Ricardo Borges/Folhapress
Da esq. para a dir., Igor Eça, Zé Renato, Edu Lobo e Dori Caymmi, que lançam disco em homenagem ao pianista Luiz Eça
Da esq. para a dir., Igor Eça, Zé Renato, Edu Lobo e Dori Caymmi, que homenageiam Luiz Eça

Nos jardins da casa que abriga a gravadora Biscoito Fino, no Rio de Janeiro, grandes nomes da música brasileira têm conversas inusitadas. Dori Caymmi, 73, estende a mão em direção a Zé Renato, 61. "Zé, você que é do Paraná, me diz: essa picada aqui é de febre amarela?" O amigo dispara: "Isso está parecendo mais zika".

Entre eles está sentado Edu Lobo, 73, rindo. Quem não apareceu para o enfrentamento com insetos no fim de tarde carioca foi o mineiro Toninho Horta, 68, que perdeu o avião para a entrevista. "O Toninho toca um violão impressionante, incrível", diz Dori. "Só a pontualidade dele que é uma merda!".

Ao lado do trio, o músico Igor Eça, que reuniu os quatro bambas para um dos discos do ano. O álbum "Em Casa com Luiz Eça" deixa suas intenções claras logo no título. A proposta de Igor foi reproduzir no estúdio o clima das reuniões musicais que aconteciam na casa do pai, o pianista, compositor e arranjador Luiz Eça (1936-1992).

De formação clássica, Eça começou a tocar nos anos 1950, nas casas noturnas cariocas. Participou ativamente da fase inicial da bossa nova, acompanhando todos os nomes importantes do movimento. Nos anos 1960, foi protagonista de uma aproximação entre o jazz e o samba ao fundar o Tamba Trio, com Bebeto Castilho e Hélcio Milito.

O primeiro álbum do trio, homônimo, de 1962, está em qualquer lista de essenciais da MPB. Em suas gravações solo, o disco "Luiz Eça & Cordas" veio dois anos depois, firmando-se como a obra mais venerada de sua extensa carreira fonográfica. Como arranjador, começou em trabalhos de Maysa e Edu Lobo, entre um currículo que é praticamente um A-Z da melhor música brasileira.

"Foi muito tranquilo gravar", diz Igor. "A música 'Tamba', por exemplo, ficou pronta no segundo take, logo de cara. E você acha que eu mostrei partitura pra alguém?", pergunta Igor. Edu sorri. "A gente lembra, claro." A única preocupação de Igor foi valorizar as músicas cantadas no repertório do pai. "As pessoas se lembram pouco do Luiz cantor", opina Zé Renato.

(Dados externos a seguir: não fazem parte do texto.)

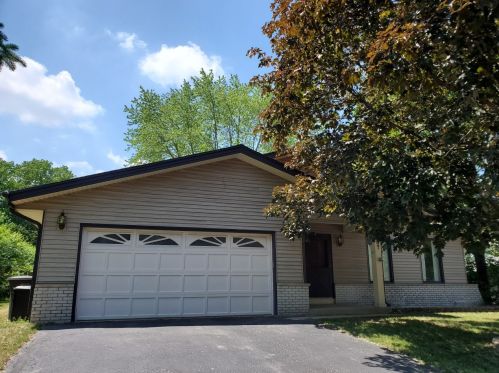 107 Conrad Ln, Mukwonago, WI 53149-1706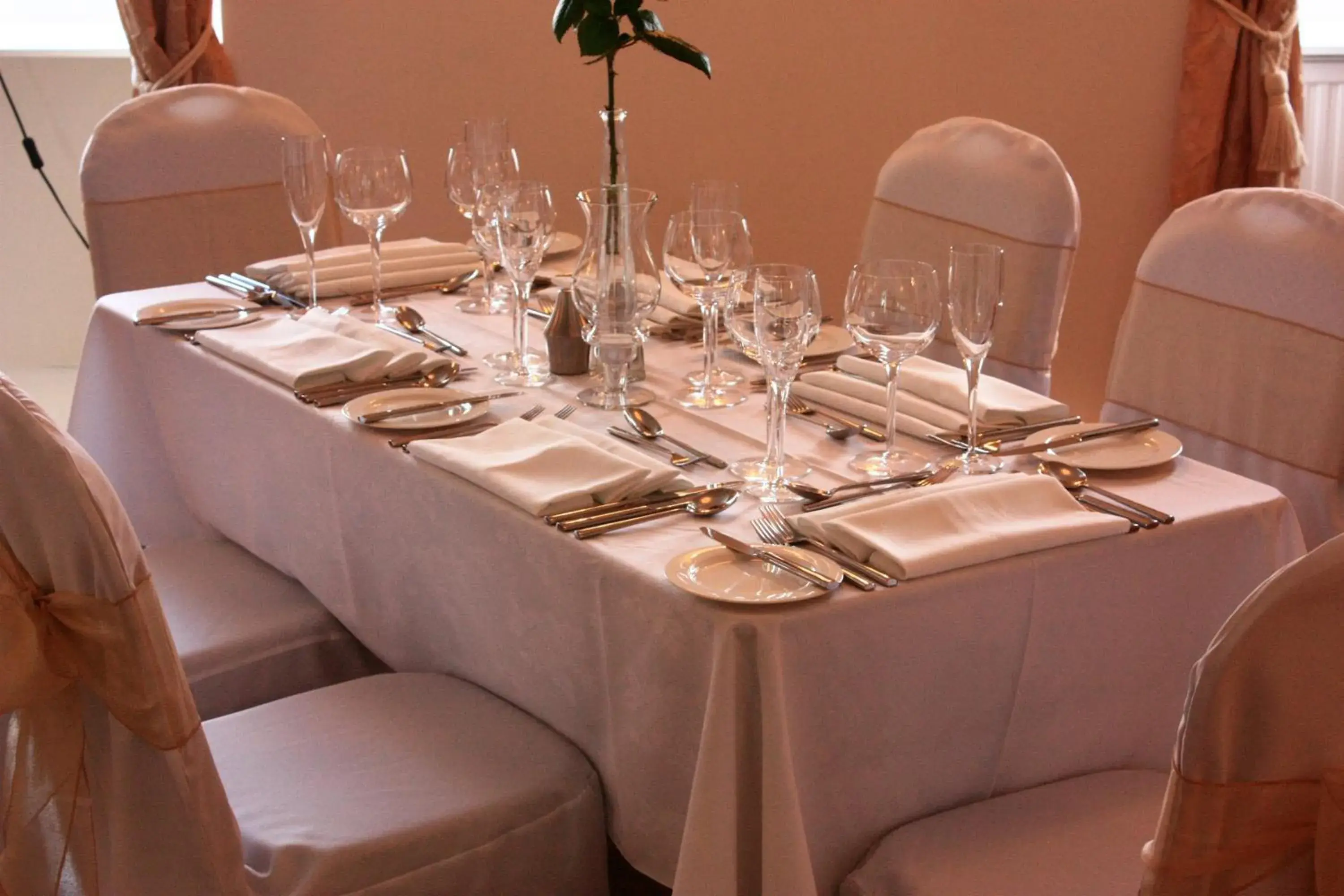 Banquet/Function facilities, Restaurant/Places to Eat in Annandale Arms Hotel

"Ele poderia ter deixado, fazendo a conta por baixo, mais umas 300 músicas prontas com letra, mas tinha aquela coisa de ligar a televisão, ficar vendo o Flamengo", conta Edu.

Todos fazem questão de destacar o trabalho de violão e vocais que Toninho Horta desempenha no disco. O dueto vocal com Zé Renato em "Alegria de Viver" e a guitarra em "Dolphin" são impecáveis. "Vai tocar bem assim no mato", elogia Dori.

Igor resolve contar talvez a história mais comentada de seu pai, ao lado de Vinicius de Moraes. "É a música 'Quase um Adeus'. Meu pai estava fazendo a música para a minha mãe, os dois estavam bebendo, e Vinicius fez a letra. Mas aí, diz a lenda, eles pegaram o papel com os versos escritos para enrolar um e fumaram a letra", conta, com todos gargalhando. Paulo César Pinheiro escreveu uma nova letra para ela, que Zé Renato canta no disco.

Eles falam sobre a sorte de começarem suas carreiras quando o rádio tocava João Gilberto, Tom Jobim, Luiz Eça e outros. Dori volta à verve ácida. "Tivemos o privilégio de ter todas essas informações na cara da gente. E nossos netos vão ouvir sofrência. Que merda!"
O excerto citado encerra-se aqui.